▶ _WHAT YOU ARE ASKED TO DO_
Would you return the data exactly as given, except for its pictures?

───── PROVIDED DATA

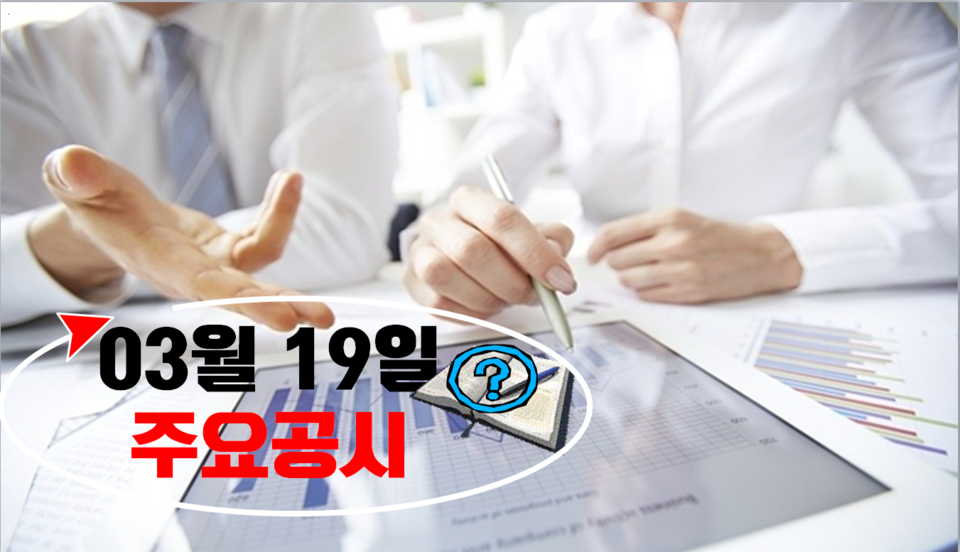 (주)S&TC 이미지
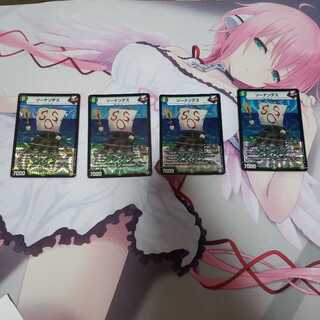 ソーナンデス 4枚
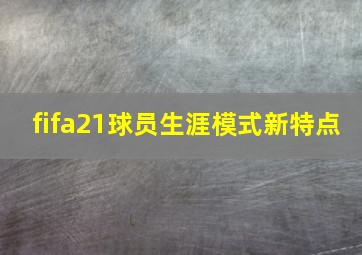 fifa21球员生涯模式新特点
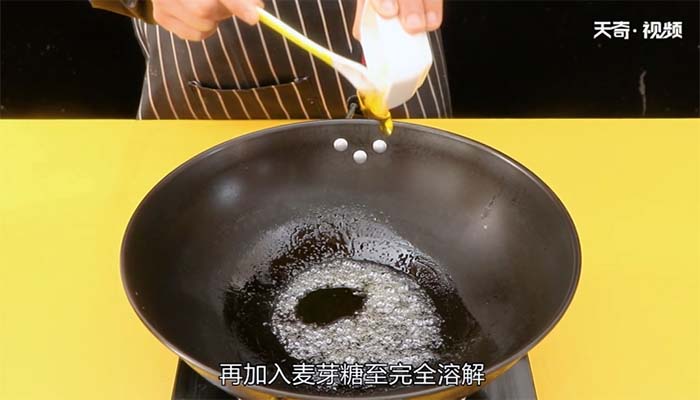 琥珀核桃的做法 第7张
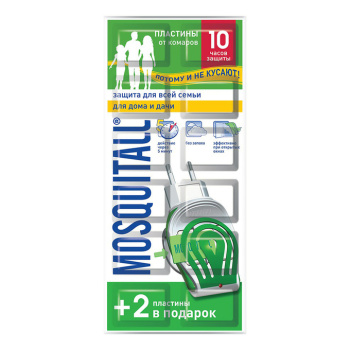 MOSQUITALL Пластины 10+2"Защита д/взрос" 12.000 шт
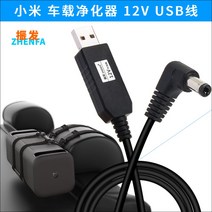 샤오미 차량용 공기 청정기 전원 케이블 usb, 1.5미터-길이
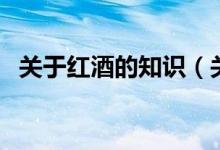 關(guān)于紅酒的知識（關(guān)于紅酒的知識有什么）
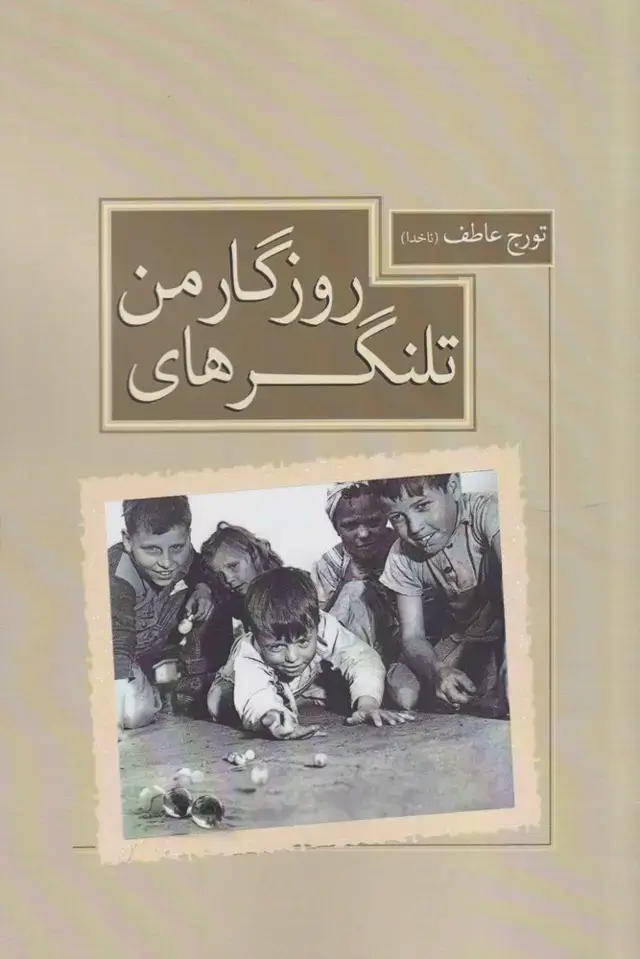 جلد کتاب تلنگرهای روزگار من (سبزان)
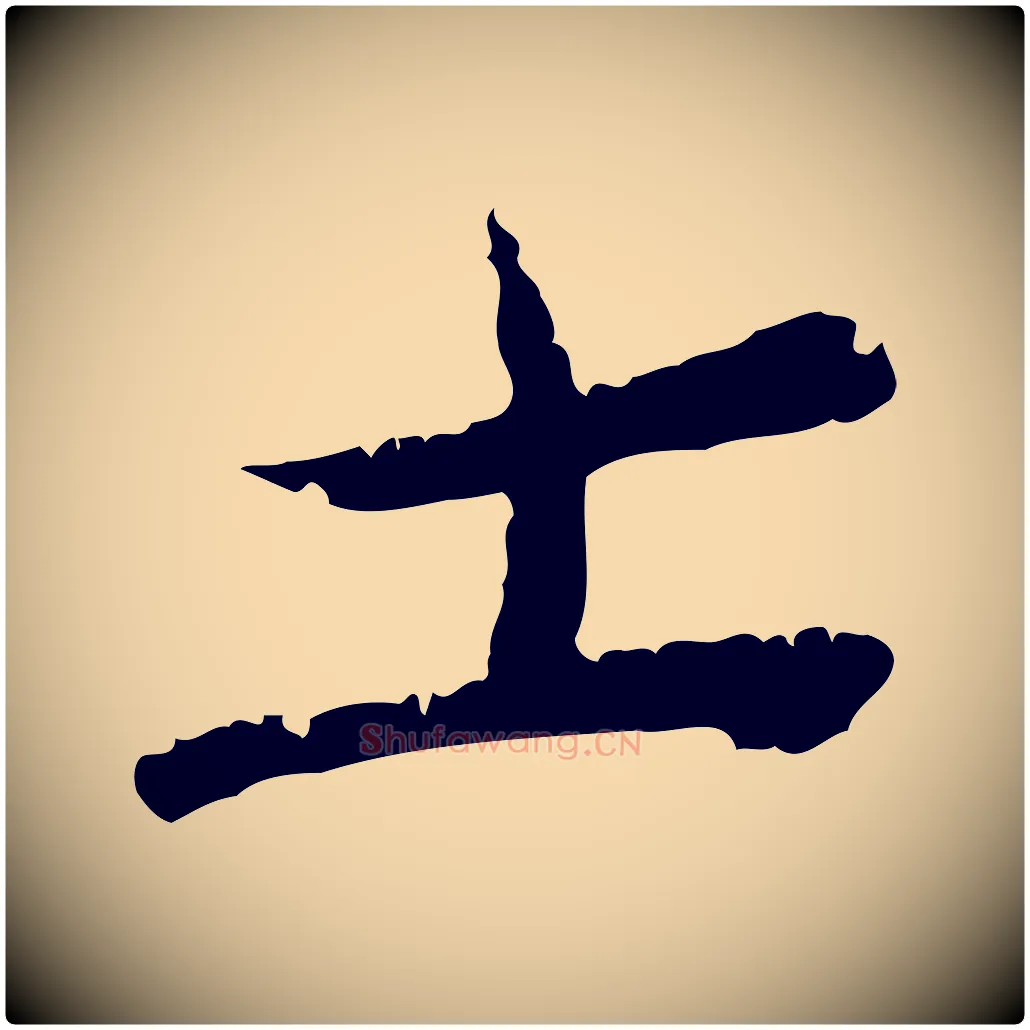 士毛笔行楷写法,摘自宋代汪应辰与子东帖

──────────

▶ _REPLY_
 (주)S&TC 이미지
 ソーナンデス 4枚
 fifa21球员生涯模式新特点
 琥珀核桃的做法 第7张
 MOSQUITALL Пластины 10+2"Защита д/взрос" 12.000 шт
 샤오미 차량용 공기 청정기 전원 케이블 usb, 1.5미터-길이
 關(guān)于紅酒的知識（關(guān)于紅酒的知識有什么）
 جلد کتاب تلنگرهای روزگار من (سبزان)
 士毛笔行楷写法,摘自宋代汪应辰与子东帖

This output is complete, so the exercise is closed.